## [WHAT YOU NEED TO DO]
Only lines with the word "bike" belong in the answer; copy them from the records below.

RECORDED DATA Block Start

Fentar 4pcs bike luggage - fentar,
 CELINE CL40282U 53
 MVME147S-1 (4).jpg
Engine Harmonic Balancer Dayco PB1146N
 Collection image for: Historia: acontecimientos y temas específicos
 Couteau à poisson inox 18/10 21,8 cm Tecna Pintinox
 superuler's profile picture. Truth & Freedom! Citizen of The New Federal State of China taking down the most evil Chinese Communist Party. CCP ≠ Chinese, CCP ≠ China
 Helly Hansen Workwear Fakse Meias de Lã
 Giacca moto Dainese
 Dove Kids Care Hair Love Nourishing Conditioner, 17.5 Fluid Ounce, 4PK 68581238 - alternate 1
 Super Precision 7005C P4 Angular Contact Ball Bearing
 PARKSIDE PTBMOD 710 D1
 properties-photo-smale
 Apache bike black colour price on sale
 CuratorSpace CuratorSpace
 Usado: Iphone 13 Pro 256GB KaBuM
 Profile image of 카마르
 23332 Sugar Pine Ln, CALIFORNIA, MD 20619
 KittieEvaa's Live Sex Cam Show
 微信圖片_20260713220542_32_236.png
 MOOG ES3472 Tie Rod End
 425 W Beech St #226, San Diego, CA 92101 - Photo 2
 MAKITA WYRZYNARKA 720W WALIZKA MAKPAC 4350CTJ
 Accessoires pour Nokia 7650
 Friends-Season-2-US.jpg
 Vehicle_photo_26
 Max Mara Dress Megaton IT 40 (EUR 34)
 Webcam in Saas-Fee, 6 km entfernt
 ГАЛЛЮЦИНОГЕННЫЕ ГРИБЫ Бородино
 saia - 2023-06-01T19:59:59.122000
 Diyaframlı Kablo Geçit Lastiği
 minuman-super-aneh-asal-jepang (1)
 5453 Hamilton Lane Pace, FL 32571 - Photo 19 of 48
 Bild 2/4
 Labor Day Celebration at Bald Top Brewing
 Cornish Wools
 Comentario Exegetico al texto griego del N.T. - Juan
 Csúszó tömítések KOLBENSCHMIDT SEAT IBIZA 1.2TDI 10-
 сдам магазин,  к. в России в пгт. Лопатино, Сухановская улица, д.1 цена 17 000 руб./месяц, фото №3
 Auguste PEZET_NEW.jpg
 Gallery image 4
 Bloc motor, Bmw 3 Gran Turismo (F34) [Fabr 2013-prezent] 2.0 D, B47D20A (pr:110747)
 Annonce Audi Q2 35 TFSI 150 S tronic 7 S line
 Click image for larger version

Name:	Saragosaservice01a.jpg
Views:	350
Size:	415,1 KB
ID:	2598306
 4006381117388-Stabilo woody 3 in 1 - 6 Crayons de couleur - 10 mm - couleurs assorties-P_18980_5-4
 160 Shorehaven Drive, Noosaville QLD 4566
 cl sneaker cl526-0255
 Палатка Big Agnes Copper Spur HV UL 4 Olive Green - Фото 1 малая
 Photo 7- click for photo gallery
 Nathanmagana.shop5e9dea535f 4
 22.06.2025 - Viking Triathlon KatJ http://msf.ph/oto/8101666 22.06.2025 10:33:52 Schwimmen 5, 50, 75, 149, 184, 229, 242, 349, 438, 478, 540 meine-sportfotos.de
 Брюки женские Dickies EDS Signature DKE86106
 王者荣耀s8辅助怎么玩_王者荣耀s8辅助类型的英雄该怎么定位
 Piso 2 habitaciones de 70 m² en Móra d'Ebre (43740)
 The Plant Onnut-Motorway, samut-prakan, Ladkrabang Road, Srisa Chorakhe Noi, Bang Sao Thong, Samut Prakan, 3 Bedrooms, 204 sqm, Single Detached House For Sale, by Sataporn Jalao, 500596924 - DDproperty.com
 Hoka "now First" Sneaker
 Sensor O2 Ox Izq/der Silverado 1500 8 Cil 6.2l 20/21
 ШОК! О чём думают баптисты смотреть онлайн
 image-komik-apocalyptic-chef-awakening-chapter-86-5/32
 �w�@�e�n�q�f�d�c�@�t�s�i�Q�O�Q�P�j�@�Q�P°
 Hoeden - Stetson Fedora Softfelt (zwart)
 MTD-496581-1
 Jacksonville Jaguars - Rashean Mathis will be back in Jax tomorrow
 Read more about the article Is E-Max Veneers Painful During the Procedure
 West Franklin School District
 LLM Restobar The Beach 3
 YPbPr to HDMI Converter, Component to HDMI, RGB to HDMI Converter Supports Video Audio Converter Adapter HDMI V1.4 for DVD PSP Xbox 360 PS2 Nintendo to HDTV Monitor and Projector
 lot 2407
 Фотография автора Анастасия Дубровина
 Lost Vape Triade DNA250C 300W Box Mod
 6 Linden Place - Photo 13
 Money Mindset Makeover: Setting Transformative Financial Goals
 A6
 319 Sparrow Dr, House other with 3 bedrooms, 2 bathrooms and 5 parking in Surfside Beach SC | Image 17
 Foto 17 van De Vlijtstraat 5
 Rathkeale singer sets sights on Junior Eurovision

RECORDED DATA Block End

## [RESPONSE TO THE TASK]
Fentar 4pcs bike luggage - fentar,
 Apache bike black colour price on sale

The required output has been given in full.